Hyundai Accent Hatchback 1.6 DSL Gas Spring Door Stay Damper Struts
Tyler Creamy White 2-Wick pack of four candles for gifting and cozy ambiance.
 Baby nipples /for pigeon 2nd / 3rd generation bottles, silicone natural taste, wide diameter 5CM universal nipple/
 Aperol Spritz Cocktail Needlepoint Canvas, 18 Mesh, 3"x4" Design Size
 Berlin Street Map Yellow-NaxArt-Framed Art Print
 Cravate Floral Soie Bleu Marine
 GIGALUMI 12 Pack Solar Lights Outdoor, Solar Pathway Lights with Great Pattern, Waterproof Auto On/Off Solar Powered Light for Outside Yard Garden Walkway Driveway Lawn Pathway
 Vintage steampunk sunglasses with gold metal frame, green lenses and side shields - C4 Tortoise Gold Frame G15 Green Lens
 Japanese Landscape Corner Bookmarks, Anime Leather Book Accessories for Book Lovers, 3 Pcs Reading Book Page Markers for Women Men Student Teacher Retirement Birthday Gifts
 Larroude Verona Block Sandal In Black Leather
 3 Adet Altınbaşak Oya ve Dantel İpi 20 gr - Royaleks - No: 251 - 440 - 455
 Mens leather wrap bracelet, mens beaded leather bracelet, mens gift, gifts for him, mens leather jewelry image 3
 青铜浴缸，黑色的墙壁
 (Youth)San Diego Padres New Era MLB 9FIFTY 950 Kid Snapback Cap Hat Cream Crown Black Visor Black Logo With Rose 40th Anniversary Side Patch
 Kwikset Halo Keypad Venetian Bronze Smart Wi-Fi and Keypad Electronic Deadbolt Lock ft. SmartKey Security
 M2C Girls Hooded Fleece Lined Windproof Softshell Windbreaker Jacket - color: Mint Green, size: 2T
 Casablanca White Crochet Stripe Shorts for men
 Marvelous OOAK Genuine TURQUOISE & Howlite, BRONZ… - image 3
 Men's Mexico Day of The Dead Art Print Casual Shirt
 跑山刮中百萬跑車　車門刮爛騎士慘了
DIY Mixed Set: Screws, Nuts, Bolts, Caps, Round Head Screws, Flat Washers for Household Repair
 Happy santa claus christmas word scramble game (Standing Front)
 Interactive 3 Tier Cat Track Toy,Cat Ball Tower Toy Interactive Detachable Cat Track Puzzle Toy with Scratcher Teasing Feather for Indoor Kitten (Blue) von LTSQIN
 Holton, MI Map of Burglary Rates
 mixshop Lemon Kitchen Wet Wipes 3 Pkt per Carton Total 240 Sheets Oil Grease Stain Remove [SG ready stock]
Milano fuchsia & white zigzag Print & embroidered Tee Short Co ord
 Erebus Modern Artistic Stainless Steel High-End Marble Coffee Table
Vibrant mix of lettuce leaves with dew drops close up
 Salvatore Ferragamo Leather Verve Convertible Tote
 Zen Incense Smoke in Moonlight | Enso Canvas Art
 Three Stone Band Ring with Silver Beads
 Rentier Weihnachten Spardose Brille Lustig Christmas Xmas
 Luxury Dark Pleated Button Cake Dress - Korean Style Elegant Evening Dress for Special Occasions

===============

Every record above must appear again in the answer, unchanged.

Hyundai Accent Hatchback 1.6 DSL Gas Spring Door Stay Damper Struts
Tyler Creamy White 2-Wick pack of four candles for gifting and cozy ambiance.
 Baby nipples /for pigeon 2nd / 3rd generation bottles, silicone natural taste, wide diameter 5CM universal nipple/
 Aperol Spritz Cocktail Needlepoint Canvas, 18 Mesh, 3"x4" Design Size
 Berlin Street Map Yellow-NaxArt-Framed Art Print
 Cravate Floral Soie Bleu Marine
 GIGALUMI 12 Pack Solar Lights Outdoor, Solar Pathway Lights with Great Pattern, Waterproof Auto On/Off Solar Powered Light for Outside Yard Garden Walkway Driveway Lawn Pathway
 Vintage steampunk sunglasses with gold metal frame, green lenses and side shields - C4 Tortoise Gold Frame G15 Green Lens
 Japanese Landscape Corner Bookmarks, Anime Leather Book Accessories for Book Lovers, 3 Pcs Reading Book Page Markers for Women Men Student Teacher Retirement Birthday Gifts
 Larroude Verona Block Sandal In Black Leather
 3 Adet Altınbaşak Oya ve Dantel İpi 20 gr - Royaleks - No: 251 - 440 - 455
 Mens leather wrap bracelet, mens beaded leather bracelet, mens gift, gifts for him, mens leather jewelry image 3
 青铜浴缸，黑色的墙壁
 (Youth)San Diego Padres New Era MLB 9FIFTY 950 Kid Snapback Cap Hat Cream Crown Black Visor Black Logo With Rose 40th Anniversary Side Patch
 Kwikset Halo Keypad Venetian Bronze Smart Wi-Fi and Keypad Electronic Deadbolt Lock ft. SmartKey Security
 M2C Girls Hooded Fleece Lined Windproof Softshell Windbreaker Jacket - color: Mint Green, size: 2T
 Casablanca White Crochet Stripe Shorts for men
 Marvelous OOAK Genuine TURQUOISE & Howlite, BRONZ… - image 3
 Men's Mexico Day of The Dead Art Print Casual Shirt
 跑山刮中百萬跑車　車門刮爛騎士慘了
DIY Mixed Set: Screws, Nuts, Bolts, Caps, Round Head Screws, Flat Washers for Household Repair
 Happy santa claus christmas word scramble game (Standing Front)
 Interactive 3 Tier Cat Track Toy,Cat Ball Tower Toy Interactive Detachable Cat Track Puzzle Toy with Scratcher Teasing Feather for Indoor Kitten (Blue) von LTSQIN
 Holton, MI Map of Burglary Rates
 mixshop Lemon Kitchen Wet Wipes 3 Pkt per Carton Total 240 Sheets Oil Grease Stain Remove [SG ready stock]
Milano fuchsia & white zigzag Print & embroidered Tee Short Co ord
 Erebus Modern Artistic Stainless Steel High-End Marble Coffee Table
Vibrant mix of lettuce leaves with dew drops close up
 Salvatore Ferragamo Leather Verve Convertible Tote
 Zen Incense Smoke in Moonlight | Enso Canvas Art
 Three Stone Band Ring with Silver Beads
 Rentier Weihnachten Spardose Brille Lustig Christmas Xmas
 Luxury Dark Pleated Button Cake Dress - Korean Style Elegant Evening Dress for Special Occasions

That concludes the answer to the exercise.